With all the flooding news and euphoria about getting an NHL team again (Go Jets Go!), you could be forgiven for thinking nothing else was happening in Manitoba. However, you would be seriously wrong.
Manitoboba amended the Elections Act a few years ago, adding fixed-year election terms (s.49.1(2)), with October 4, 2011 being the first one. One of the conditions requires that the government not advertise or publish information about its programs or activities in the 90 days before October 4th. This means we are seeing a flurry of announcements in this run-up to the end of the current legislative sitting. The Winnipeg Free Press published a nice article recently describing all the activity.
The government introduced new legislation as well as amendments to existing statutes. I’d like to mention a couple of initiatives that I think will be ground-breaking, if they get passed.

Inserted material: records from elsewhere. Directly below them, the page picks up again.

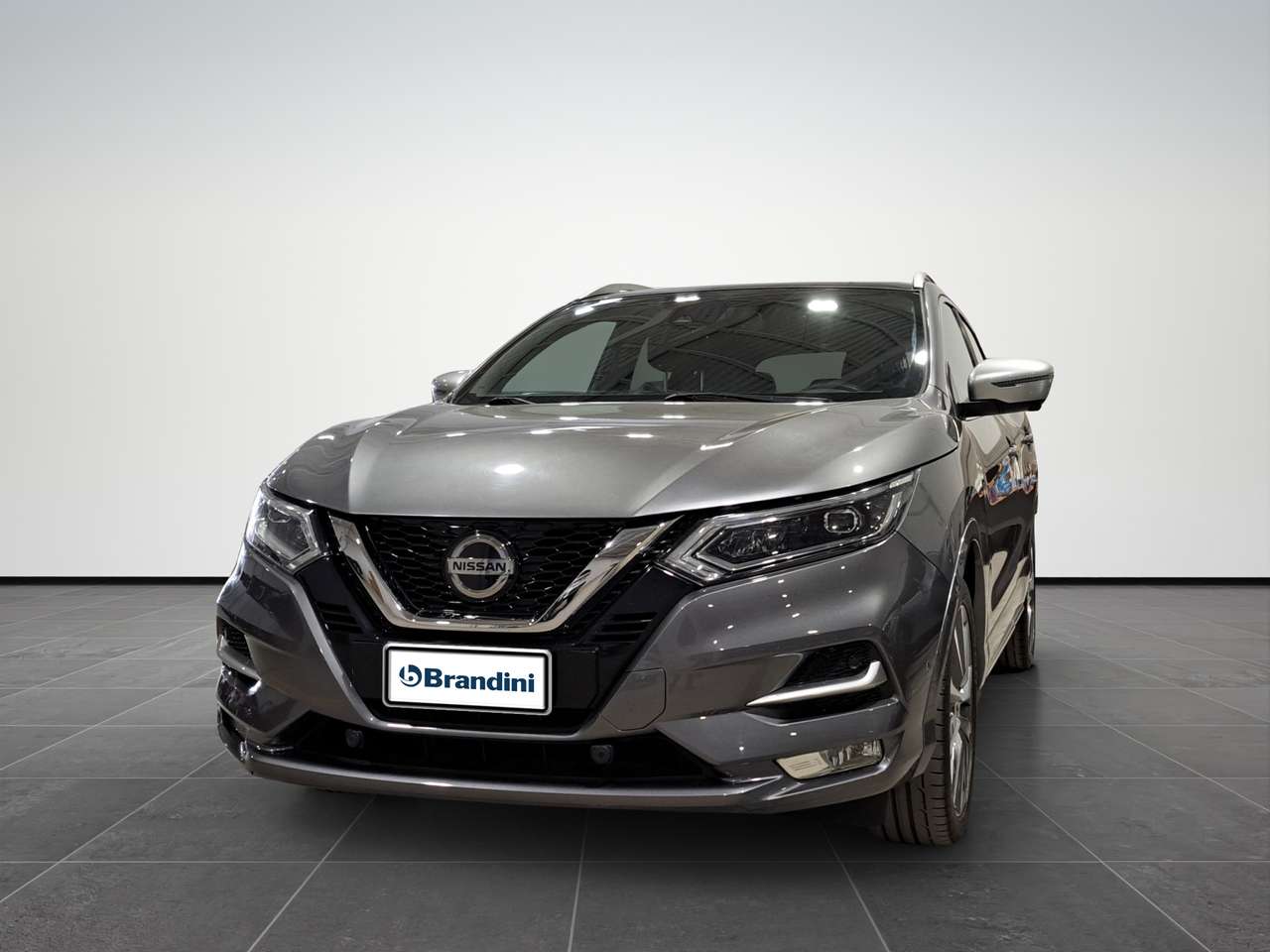 Nissan Qashqai 1.3 DIG-T Tekna+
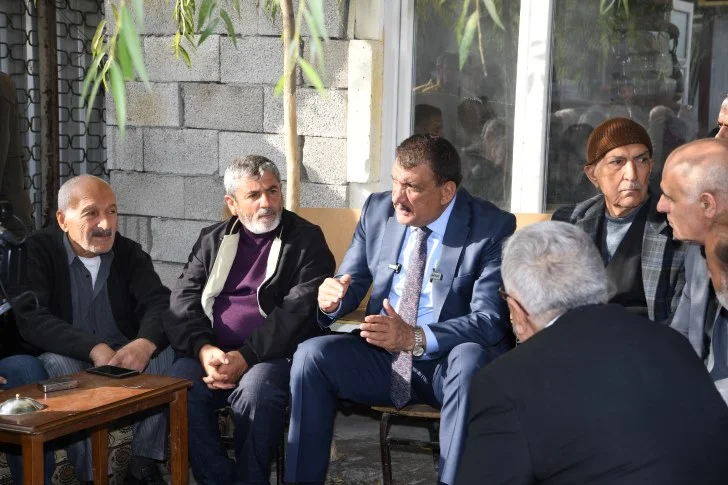 Malatya Büyükşehir Belediye Başkanı Selahattin Gürkan: Kentin Geleceği İçin Vizyoner Bir Lider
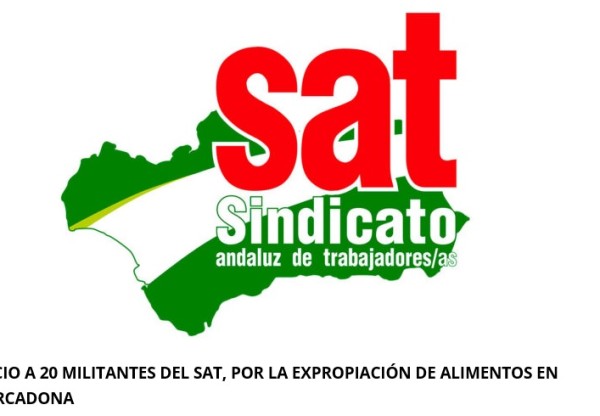 JUICIO SAT POR EXPROPIACION ALIMENTOS A MERCADONA's header image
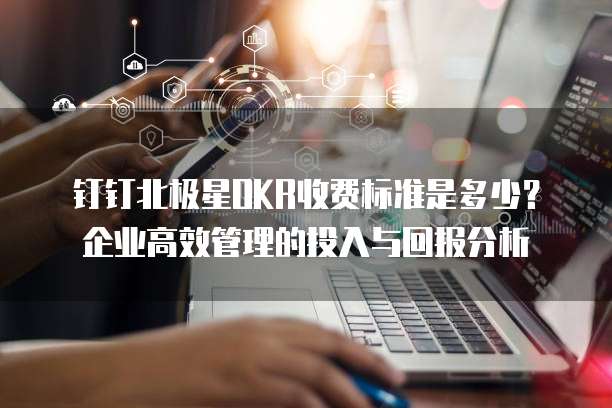 钉钉北极星OKR收费标准是多少？企业高效管理的投入与回报分析
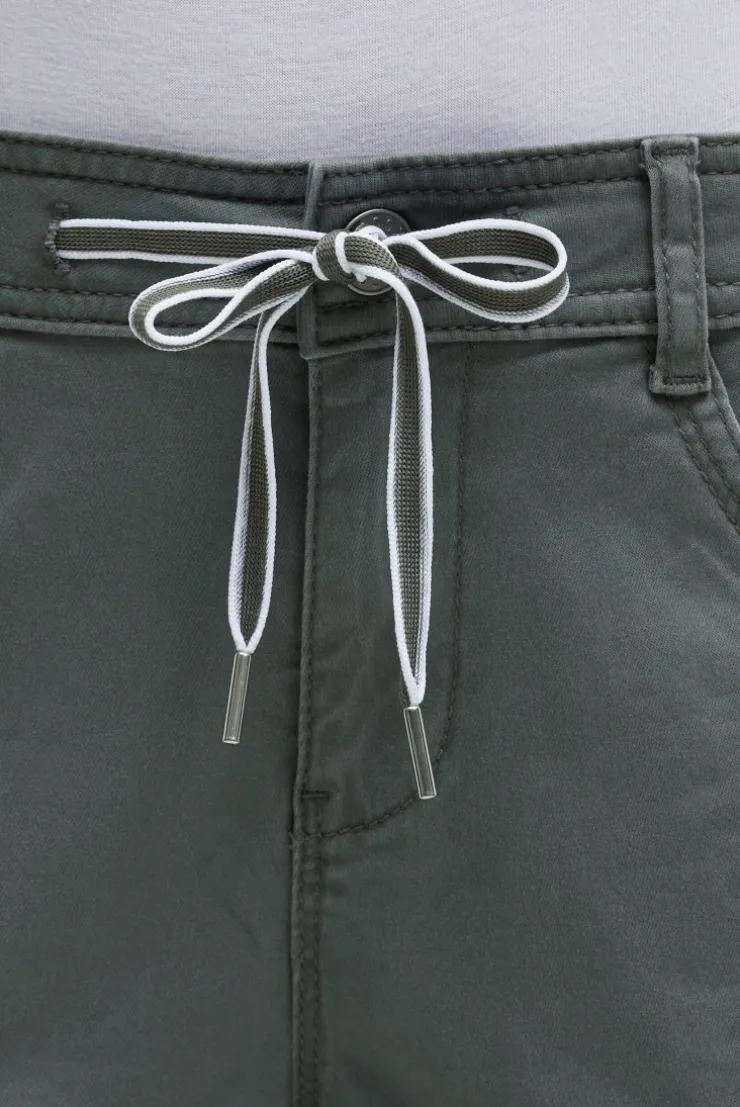 Jeans NI:NO Comfort Fit cool khaki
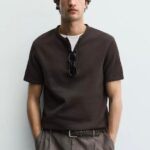 HENLEY T-SHIRT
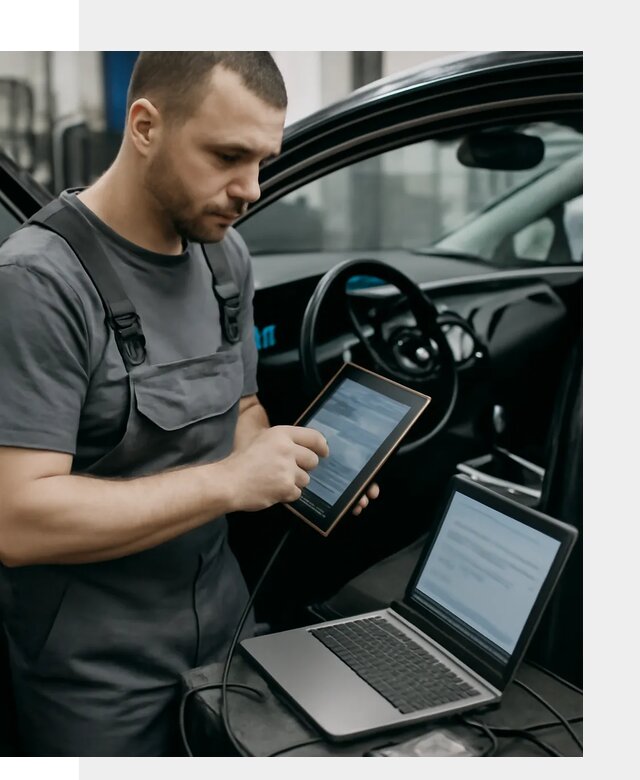 Русификация гибридных автомобилей под ключ в Гудермесе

We’re familiar with child abuse registries. Bill 36, The Adult Abuse Registry Act and Amendments to the Vulnerable Persons Living with a Mental Disabilitly Act, will create Canada’s first adult abuse registry (Yosie Saint-Cyr first wrote about it on Slaw here).
While not the first province to do so, Manitoba is finally setting up a special Mental Health court for less-serious criminal code charges. This has been in the works since 2008. It is anticipated that it should start hearing cases by this winter.
Manitoba has an incredibly low vacancy rate for apartments and houses. Combined with government rent-controlled increases, landlords have been converting existing buildings into condominiums at a rapid pace. The government introduced Bill 40, The Condominium Act and Amendments Respecting Condominium Conversions in order to try to slow down the removal of rental properties from the market.
The Grieving Families Protection Act (Bill 39) aims to protect consumers who prepay funerals and increase the fines of those convicted of vandalism in a cemetery. Talk about multi-tasking!
There’s nothing worse for a young family than buying a new house in a new subdivision, and then finding out that the new school that was supposed to built, won’t be. Winnipeg schools have a lot of empty seats in older neighbourhoods, and rather than build schools where the children are, the province will fund busing instead. Bill 48, The Planning and Land Dedication for School Sites Act prohibits developers from advertising that a school will be built on a particular piece of land.
But wait, there’s more … If you’d like to see the full extent of this spring’s legislative activity, check out the list of bills on the Legislative Assembly of Manitoba site. There’s truly something for everyone!